1. City table with id,name,county,.... columns
2. CityDTO with id,name,county,.... properties ( exactly same as database)
3. CityRepository with a findCity(id),....
4. CityService with findCity(id) { CityRepository.findCity(id) }
5. CityController with findCity(id) { ConvertToJson( CityService.findCity(id)) }

Too many boilerplate codes just to expose a city information to client. As this is a simple entity no business is done at all along these layers, just the objects is passing by. A change in City entity was starting from database and changed all layers. (For example adding a location property, well because at the end the location property should be exposed to user as json). Adding a findByNameAndCountryAllIgnoringCase method needs all layers be changed changed ( Each layer needs to have new method).

Considering Spring Data Rest ( of course with Spring Data) this is beyond simple!

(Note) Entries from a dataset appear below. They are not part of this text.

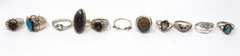 Group Lot of 11 Sterling Silver Rings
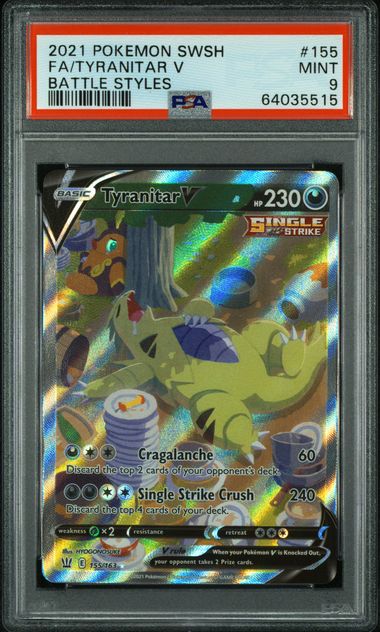 Pokémon Tyranitar V 2021 Pokemon Battle Styles Full Art #155/163 PSA 9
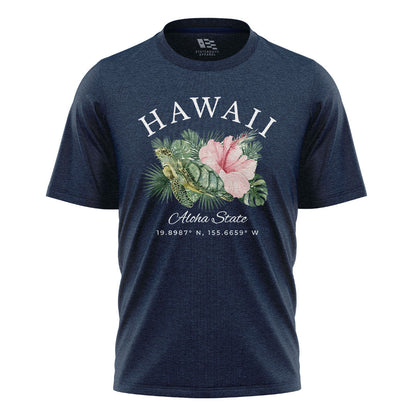 Hawaii Aloha State Coordinates Tee - Navy flatlay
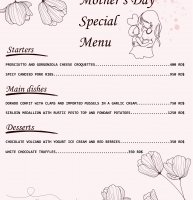 Special Menu at the Restaurant Maria. Mother's Day.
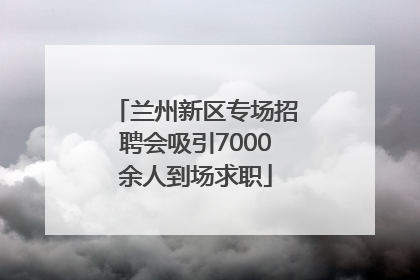 兰州新区专场招聘会吸引7000余人到场求职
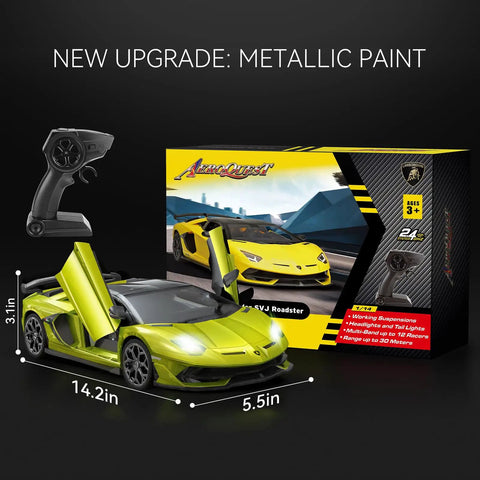 Lamborghini Officially Licensed Remote Control Car With Realistic Lambo Design For Boys And Girls, 1 to 14 scale, green
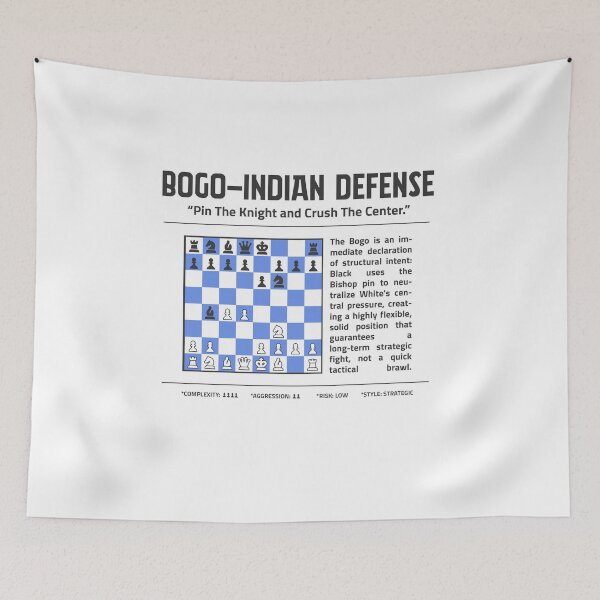Item preview, BOGO-INDIAN DEFENSE Chess T-Shirt | Pin The Knight. Crush The Center. designed and sold by Sorcend.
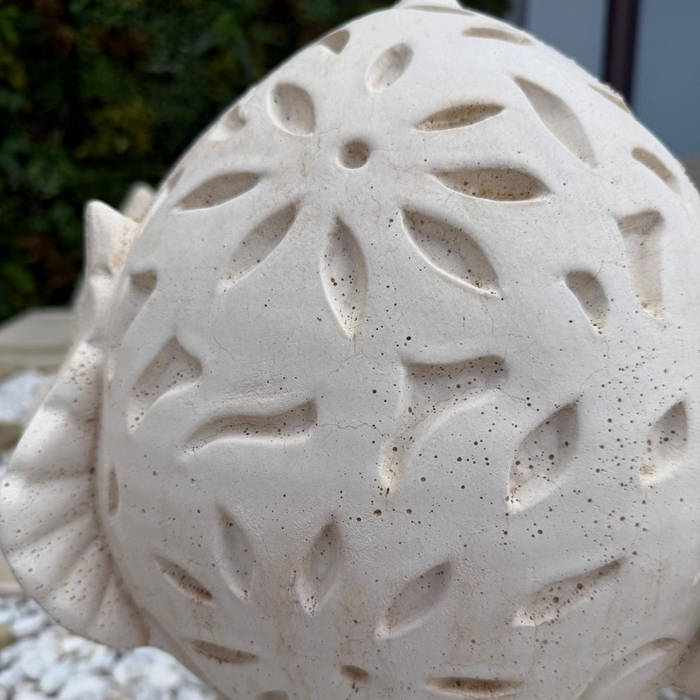 Pigna fiorissima cemento bianco 20 x 35 x h.50 cm arredo giardino esterni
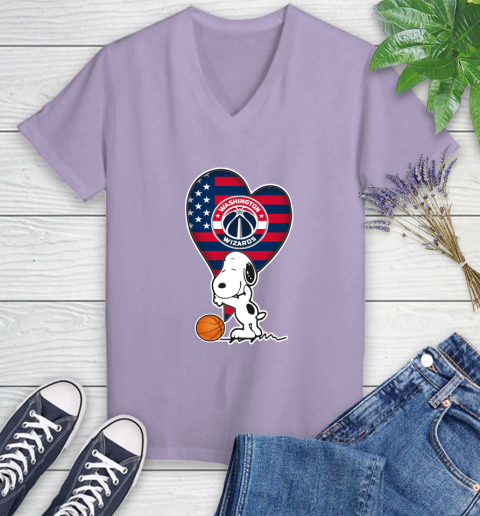 Washington Wizards NBA Basketball The Peanuts Movie Adorable Snoopy Women's V-Neck T-Shirt 14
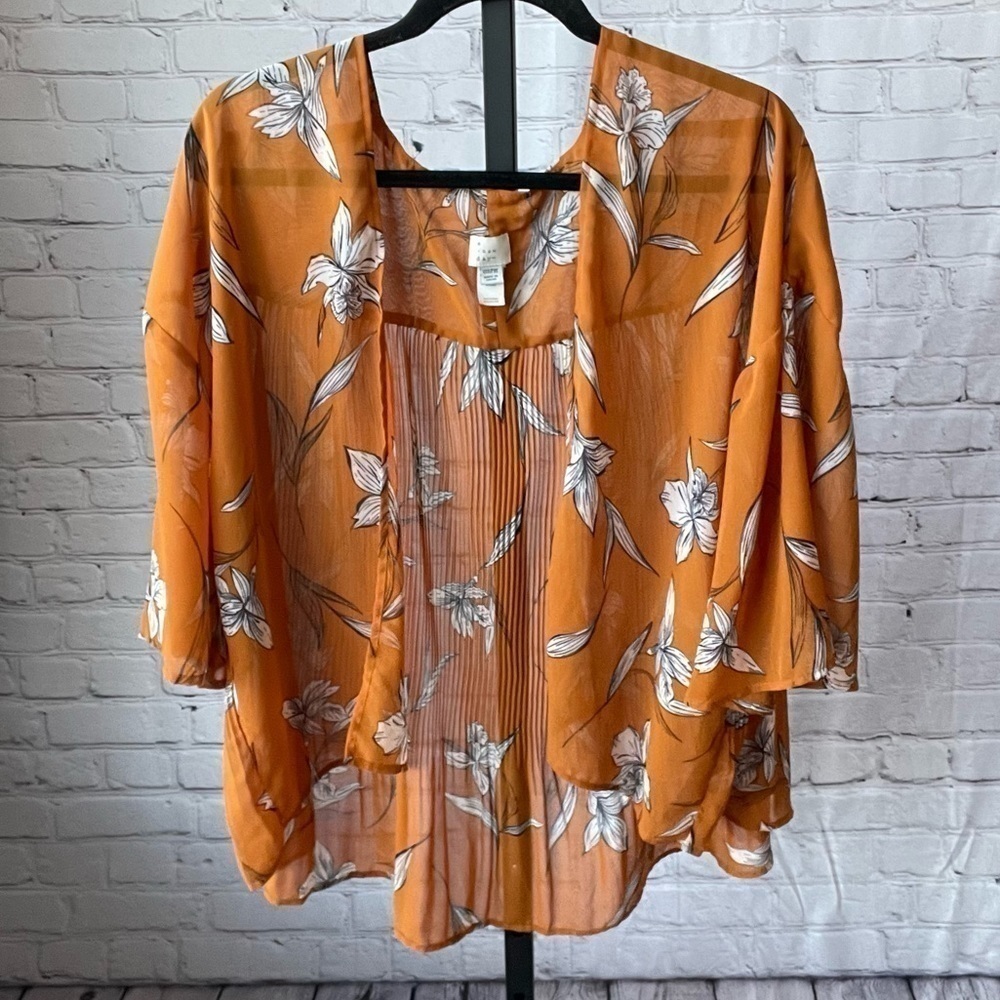 A New Day Sheer Pleated Golden Yellow Kimono OSFM - Picture 3 of 6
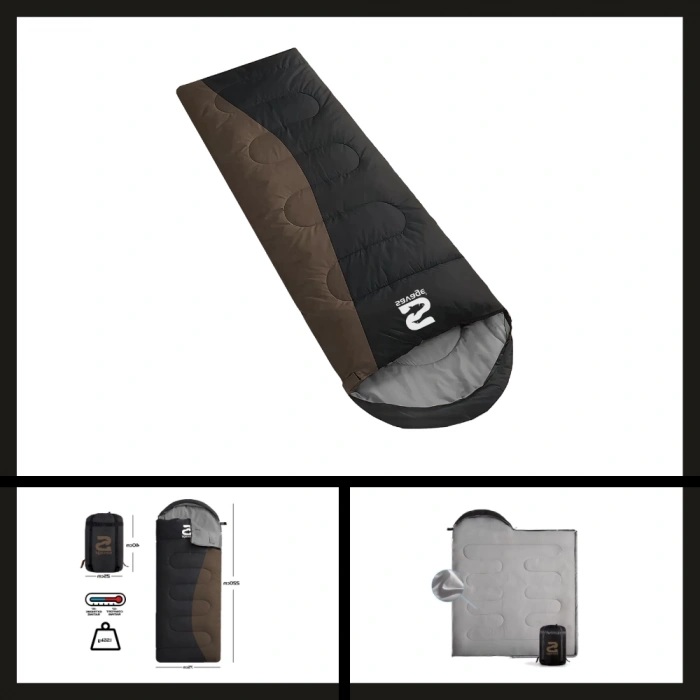 Uyguna-Yakala (ys-507) Savage Mont Blanc -15 C Kahverengi-siyah Uyku Tulumu-TLM.058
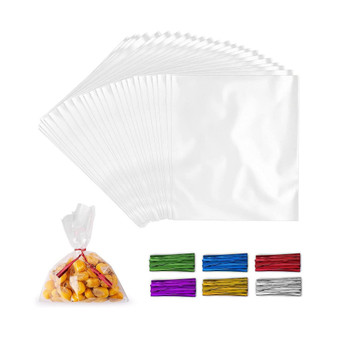 6 x 9 Inches Clear Cellophane Candy Bags With Ties - 200 Piece
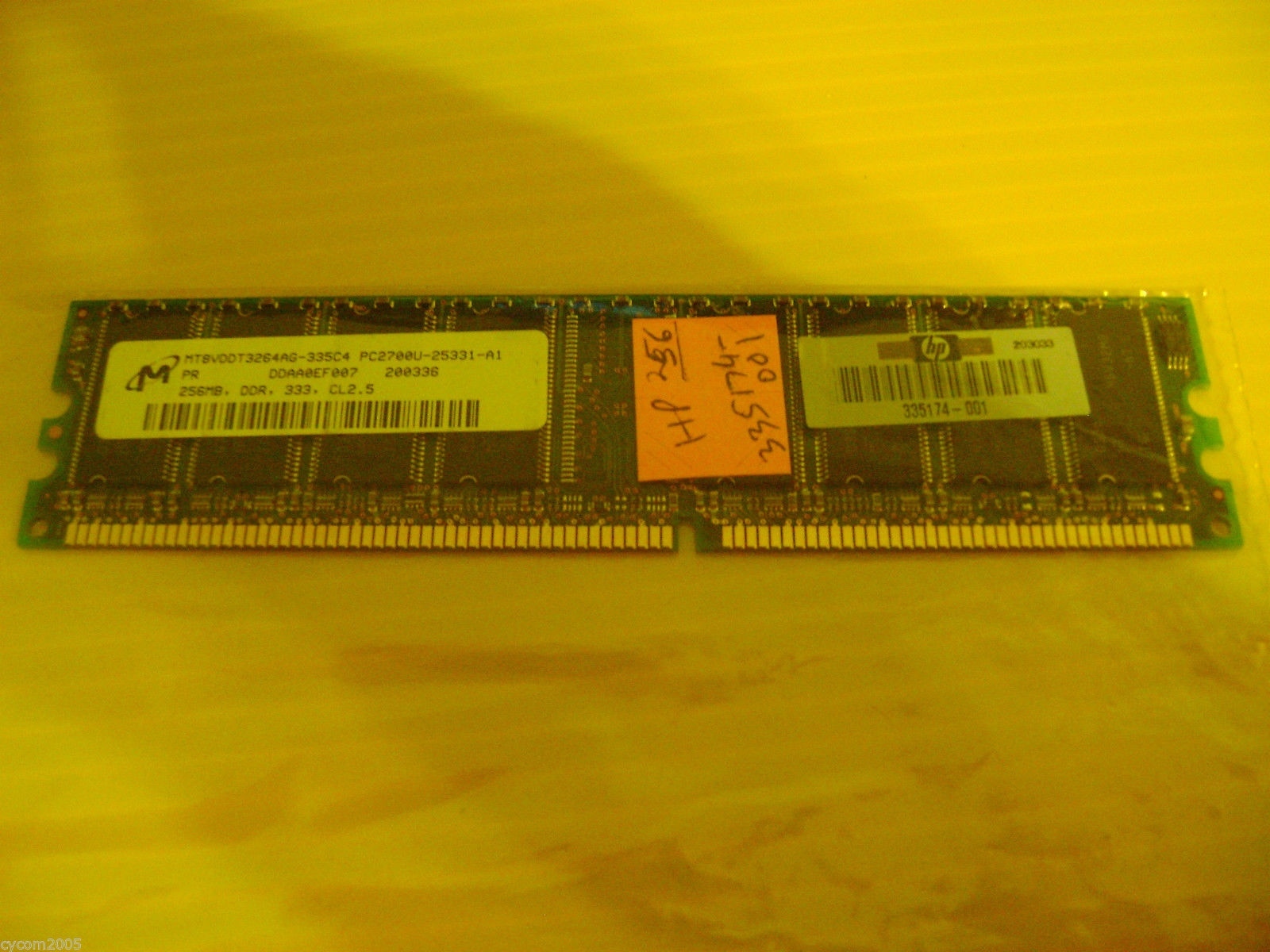 Micron 256MB 184p PC2700 CL2.5 8c 32x8 DDR DIMM T001-RFB MT8VDDT3264AG-335C4
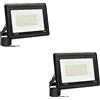 toobettp 2 PCS Faretto LED da Esterno 100W, Faro Led Esterno 10000LM 6000K Bianco Freddo Faretti Led IP66 Impermeabile per Giardino Garage Parcheggio Cortile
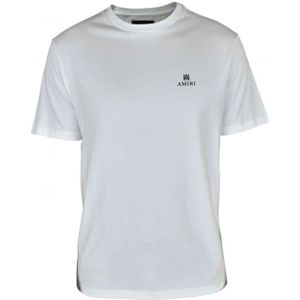 Amiri, Wit Katoenen Logo T-Shirt Wit, Heren, Maat:M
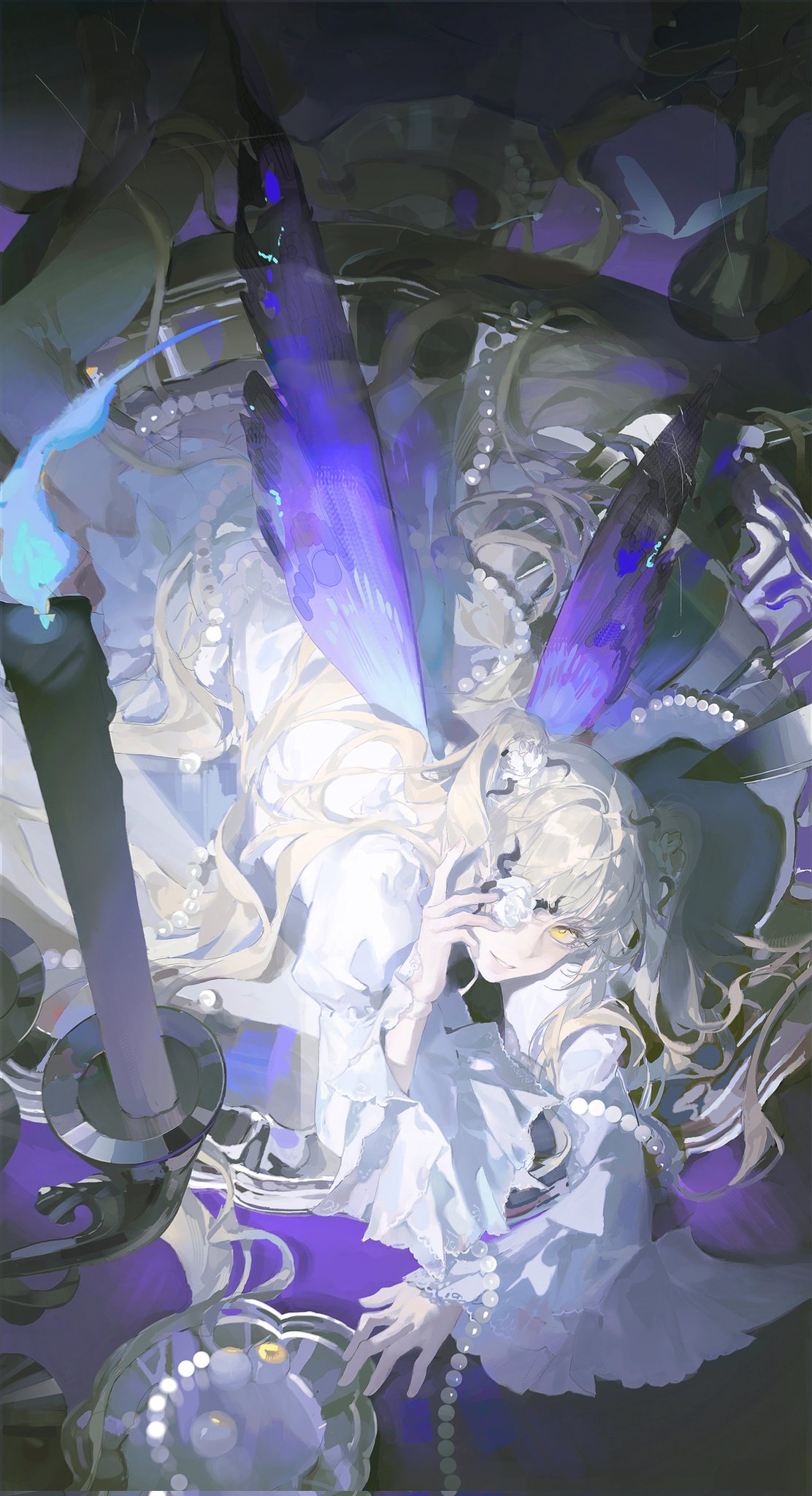 1girl, blonde_hair, candle, candlestand, doll_joints, dress, fairy_wings, flower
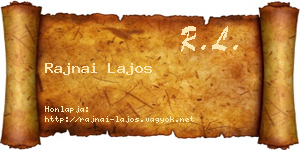 Rajnai Lajos névjegykártya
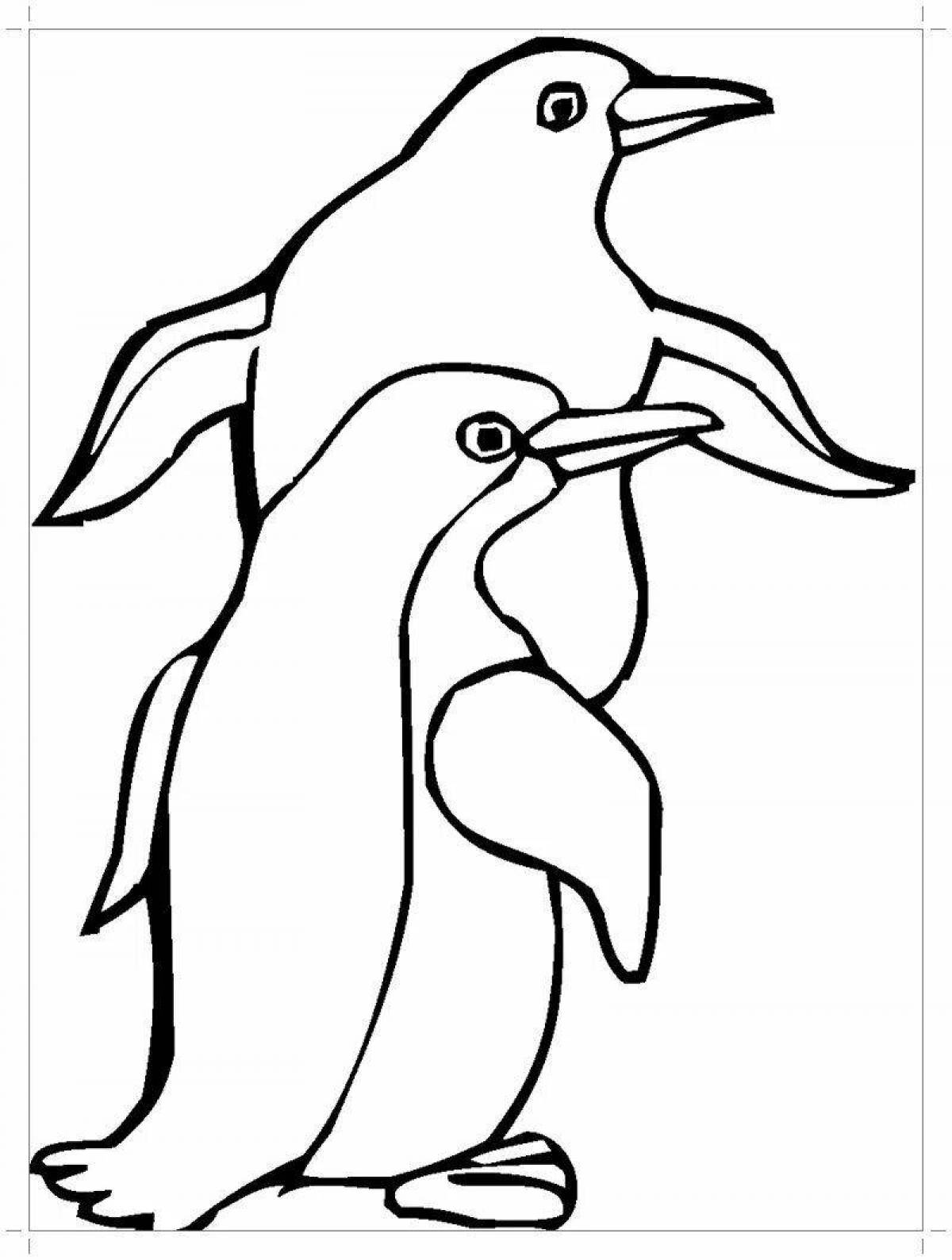 Очаровательный пингвин-раскраска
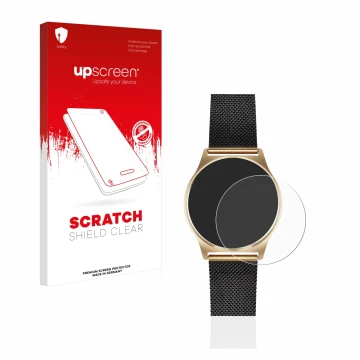 Parte frontal de un envase de producto con el logotipo de la marca upscreen. Al lado se muestra el dispositivo Xlyne X-Watch J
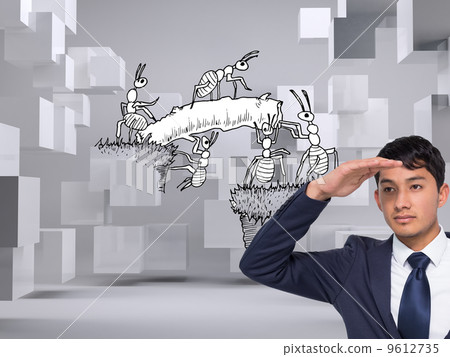 Composite image of unsmiling casual businessman looking Composite image of unsmiling casual businessman looking 9612735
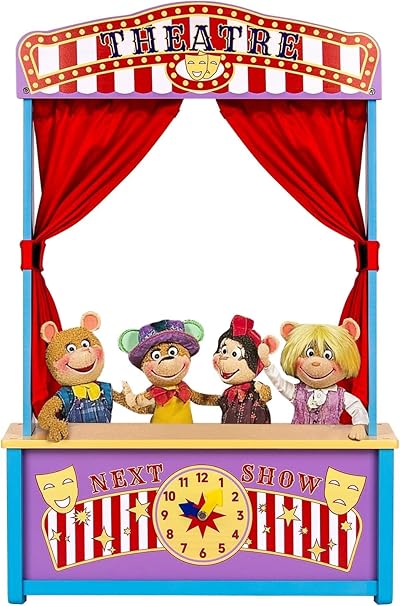 Wooden Puppet Theater, Puppet Theater with Curtains for Tabletop Drama Performance, Role-Playing,Great for Shows, Events, Education and Pretend Play, Portable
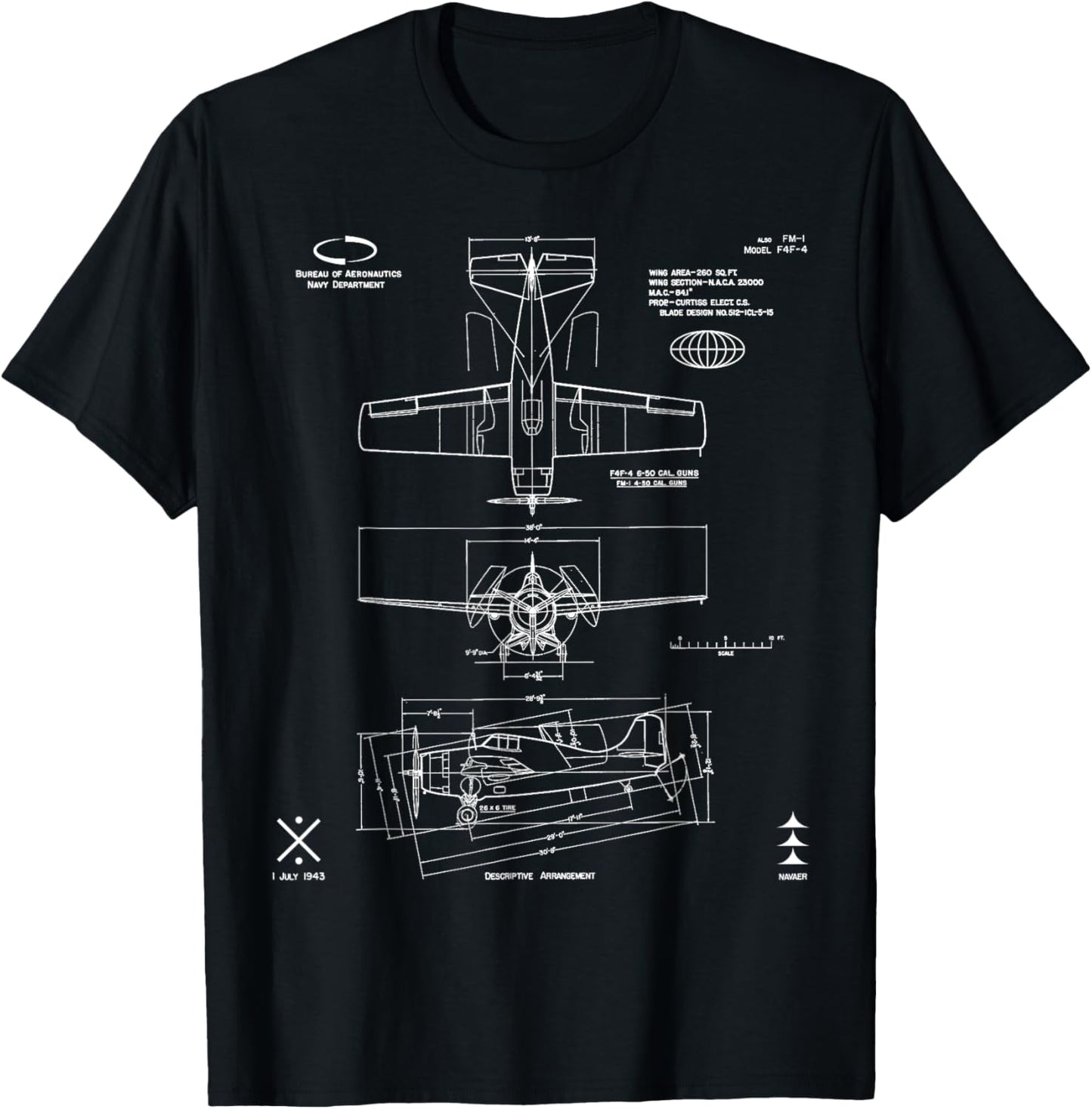Grumman F4F-4 Wildcat Fighter Aircraft Technical Blueprint T-Shirt - T-Shirt | Black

public interface CityRepository extends CRUDRepository<City, Long> {
   City findByNameAndCountryAllIgnoringCase(String name, String country);
}

The city entity is exposed to client with minimum code and still you have control on how the city is exposed. Validation, Security, Object Mapping ... is all there. So you can tweak every thing.

For example, if I want to keep client unaware on city entity property name change (layer separation), well I can use custom Object mapper mentioned https://docs.spring.io/spring-data/rest/docs/3.0.2.RELEASE/reference/html/#customizing-sdr.custom-jackson-deserialization

To summarize

We use the Spring Data Rest as much as possible, in complicated use cases we still can go for traditional layering and let the Service and Controller do some business.

Answer 3

Spring Data REST enables a very fast way to prototype and create a REST API based on a database structure. We're talking about minutes vs days, when comparing with other programming technologies.

The price you pay for that, is that your REST API is tightly coupled to your database structure. Sometimes, that's a big problem. Sometimes it's not. It depends basically on the quality of your database design and your ability to change it to suit the API user needs.

In short, I consider Spring Data REST as a tool that can save you a lot of time under certain special circumstances. Not as a silver bullet that can be applied to any problem.